Start of Block
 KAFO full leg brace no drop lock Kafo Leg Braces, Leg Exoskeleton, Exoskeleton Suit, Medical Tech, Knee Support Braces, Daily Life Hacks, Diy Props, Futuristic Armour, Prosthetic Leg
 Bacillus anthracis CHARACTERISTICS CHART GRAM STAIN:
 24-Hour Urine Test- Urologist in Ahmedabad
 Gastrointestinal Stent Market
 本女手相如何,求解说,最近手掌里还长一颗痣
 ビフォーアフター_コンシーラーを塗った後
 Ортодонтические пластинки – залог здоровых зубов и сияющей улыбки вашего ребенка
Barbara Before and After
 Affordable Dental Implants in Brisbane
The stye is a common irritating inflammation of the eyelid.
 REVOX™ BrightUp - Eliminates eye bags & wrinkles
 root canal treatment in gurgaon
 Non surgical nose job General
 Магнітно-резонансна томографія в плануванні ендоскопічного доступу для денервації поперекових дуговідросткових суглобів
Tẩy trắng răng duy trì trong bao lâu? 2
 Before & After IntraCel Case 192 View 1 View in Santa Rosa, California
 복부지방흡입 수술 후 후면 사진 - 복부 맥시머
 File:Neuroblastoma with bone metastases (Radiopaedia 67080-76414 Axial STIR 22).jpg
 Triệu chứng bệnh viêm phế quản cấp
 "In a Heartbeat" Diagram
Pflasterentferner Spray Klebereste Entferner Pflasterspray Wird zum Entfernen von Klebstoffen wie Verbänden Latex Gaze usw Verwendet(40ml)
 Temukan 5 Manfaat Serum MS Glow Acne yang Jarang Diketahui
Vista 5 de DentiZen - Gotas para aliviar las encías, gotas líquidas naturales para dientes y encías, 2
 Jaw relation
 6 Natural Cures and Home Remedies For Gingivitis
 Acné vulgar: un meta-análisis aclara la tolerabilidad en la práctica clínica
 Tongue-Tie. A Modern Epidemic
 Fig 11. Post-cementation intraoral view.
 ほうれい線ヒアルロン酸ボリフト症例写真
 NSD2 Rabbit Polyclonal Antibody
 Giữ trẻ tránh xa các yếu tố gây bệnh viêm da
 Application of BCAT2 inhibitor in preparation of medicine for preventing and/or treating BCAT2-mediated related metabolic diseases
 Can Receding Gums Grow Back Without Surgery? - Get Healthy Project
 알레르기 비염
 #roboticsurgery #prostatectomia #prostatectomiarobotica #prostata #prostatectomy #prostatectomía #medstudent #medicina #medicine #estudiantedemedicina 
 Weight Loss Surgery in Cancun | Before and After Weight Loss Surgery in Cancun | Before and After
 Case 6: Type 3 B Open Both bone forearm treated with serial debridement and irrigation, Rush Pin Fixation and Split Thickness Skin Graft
End of Block
_Work instructions_
List every line above containing the word "Case".

_Response area_
 Before & After IntraCel Case 192 View 1 View in Santa Rosa, California
 Case 6: Type 3 B Open Both bone forearm treated with serial debridement and irrigation, Rush Pin Fixation and Split Thickness Skin Graft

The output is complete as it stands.